## A maximal extension of the best-known bounds for the Furstenberg–Sárközy theorem

### Volume 187 / 2019

#### Abstract

We show that if $h\in \mathbb Z[x]$ is a polynomial of degree $k\geq 2$ such that $h(\mathbb N)$ contains a multiple of $q$ for every $q\in\mathbb N$, known as an *intersective polynomial*, then any subset of $\{1,\dots,N\}$ with no nonzero differences of the form $h(n)$ for $n\in\mathbb N$ has density at most a constant depending on $h$ and $c$ times $(\log N)^{-c\log\log\log\log N}$, for any $c \lt (\log((k^2+k)/2))^{-1}$. Bounds of this type were previously known only for monomials and intersective quadratics, and this is currently the best-known bound for the original Furstenberg–Sárközy Theorem, i.e. $h(n)=n^2$. The intersective condition is necessary to force any density decay for polynomial difference-free sets, and in that sense our result is the maximal extension of this particular quantitative estimate.
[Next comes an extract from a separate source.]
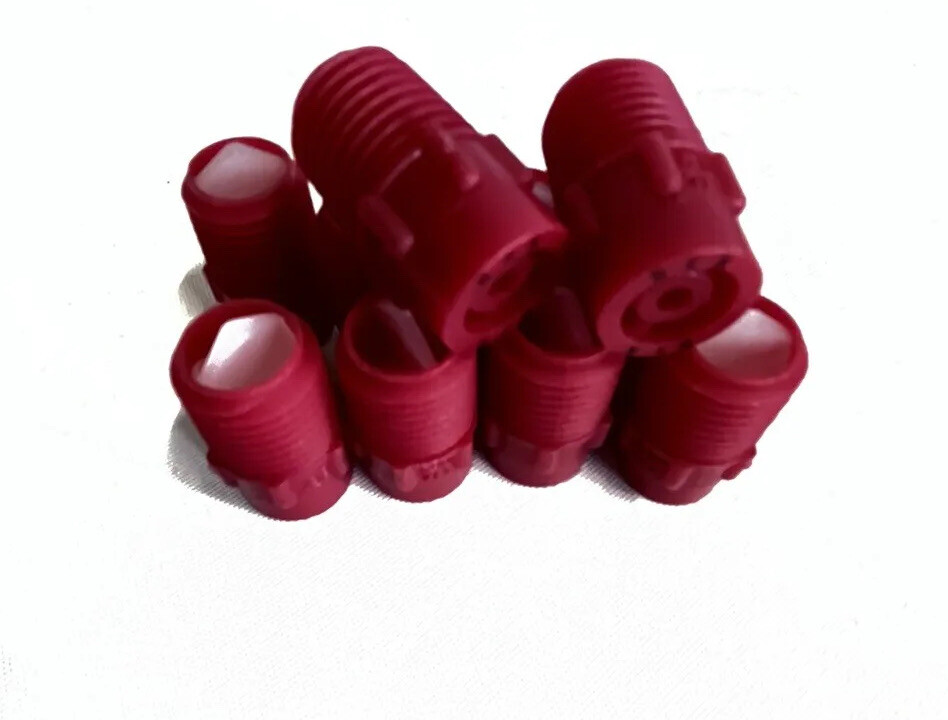 QTY-10 BEX 1/4S10-KK RED PVDF Spray Nozzle 1/4” Male NPT Size 10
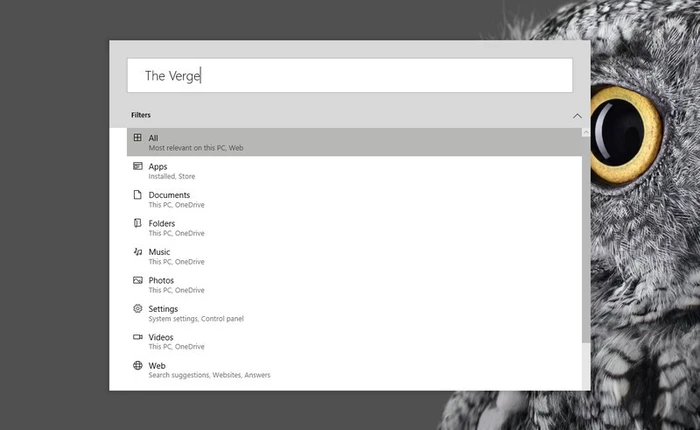 Microsoft đang thử nghiệm giao diện tìm kiếm mới cho Windows 10, giống như Apple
Further, we show that if $g,h\in \mathbb Z[x]$ are intersective, then any set lacking nonzero differences of the form $g(m)+h(n)$ for $m,n\in \mathbb N$ has density at most $\exp(-c(\log N)^{\mu})$, where $c=c(g,h) \gt 0$, $\mu=\mu(\deg(g),\deg(h)) \gt 0$, and $\mu(2,2)=1/2$. We also include a brief discussion of sums of three or more polynomials in the final section.